Torch Bearer Number Three

Welcome to Torch Bearer # 3, one of three blogs about the second album created by Farmer Pablo at Stoney Lonesome Farm. Why three blogs? Why not! I am growing to love the maze of writing that can weave through the web, an adventure that enhances my experience of creating music, and one that may enhance your experience of my work. Consider these blogs an expanded inner cover of my albums...we have this technology that makes words so easily accessible on the web, and this can be helpful as a supplement to music. Written words can embellish the music, or not. I think that my non-lyric words about my music are best concentrated on the music creation process, rather than providing more detail on the specifics of the lyrics. I love writing songs because I don't have to explain lyrics, they can have multiple meanings and significance. I don't want to limit my songs, and I enjoy how the music takes a life of its own.

Much of my life, farming and gardening, is a methodical process, a fusion of short term and long term cycles, many overlapping levels of thought and action, human rythyms and earth processes. Blogs offer me a release from this methodical work- they provide a platform for creative brainstorm, and I enjoy this opportunity for free and open expression.

When I started the Babylon Outpost blog, I had a vision for something more refined, like a series of essays. The idea of Babylon Outpost emerged from a general feeling that our farm was on the periphery of Babylon- endless sprawl, poor quality of life, lack of community, lack of health, lack of a holistic vision for a vibrant future. I had also thought that Babylon Outpost would make a great first album title- I like what it says about my perspective and situation, and the title also gives listeners a very brief but effective introduction to the Stoney Lonesome Sound- where it is coming from.

So commencing on the Babylon Outpost blog, I had a sense that the blog would combine several efforts into one, and maybe guest writers, and lots of images, and the whole thing started taking off in my brain, but it only took one entry to realize that I

a) don't have the time to really push and work on such an all-encompassing blog and
b) actually what I enjoy about blogging is a pressure-free creating and sharing process, just like my approach to music. If someone said to me, go and create an album with all new material, here's some funds, here's a deadline, I would probably stare blankly into space for most of the time, and then FORCE the creative process and arrive somehow at music which I felt was mediocre. The measure I use for assessing the sound of a song is whether I really like it (if this song was handed to me by a friend, would I listen to it again and again?). If I really like it, chances are my wife Esther will like it (not always, and she's my best critic), and if she likes it, my family and friends will like it, and so on. If everyone likes it, perhaps that's a warning sign! But it starts with sounding good to me. That's all that really matters in my creative process.

So I realized that I if I were to Blog, a critical component would be that the blog was not a heavy undertaking- I have enough of that. Blog sounds heavy, like a five-gallon bucket of rocks. Have those. I want a place that doesn't feel heavy, that is uplifting for me. That's why I make music, and that's why I decided to focus my blogging on music, topics such as how I go about creating a song...

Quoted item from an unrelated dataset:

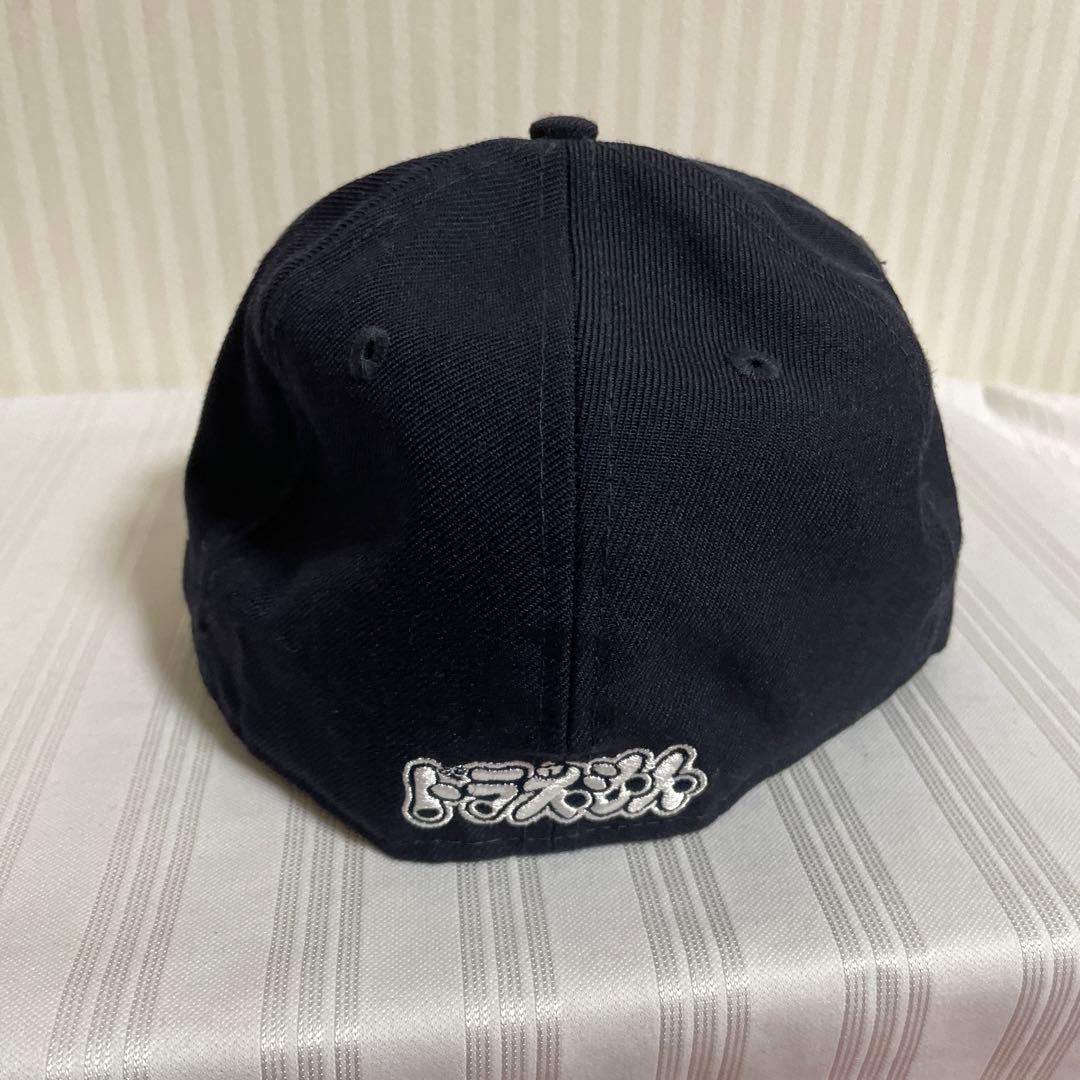 NEW ERA ニューエラ ドラえもん コラボキャップ 59FIFTY ネイビー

New songs, "eggs", come along perhaps a few a year. Sometimes they arrive in small bundles, two or three songs in a very close period of time- The Powerline Song, Sorrow, and Only You all pretty much came to me around the same time. I'm not sure how it happens. But it does. And it often happens when I'm not paying attention to creating anything, like sitting with a cup of coffee in my Mom's living room on a visit and just strumming around.

I've had musical lines come to me in the fields, on the way up and down the hills around the farm, or when harvesting. Many times great lines are forgotten, but return the next day in the fields. Then I rush inside while humming the tune and try to pin it down on the guitar, just that specific line, then figure out the chords, then strum, then a song.

Lyrics almost always come last. There is much trial and error, just flowing with the song, strumming it, and trying different lyrics. I'll come upon something I like, then work with that theme. The lyrics of the songs gradually evolve, which is why I hesitate to rush any official recording of a song, because the lyrics change. The general theme of each song, and the bulk of the lyrics, once fleshed out, tend to remain mostly the same. Sometimes I'll have a first verse for months, but no second, or I'll have a particular chorus, but no verses, yet some part of the lyrics of a song attaches to the music and stays, as the defining phrase that gives shape to that song.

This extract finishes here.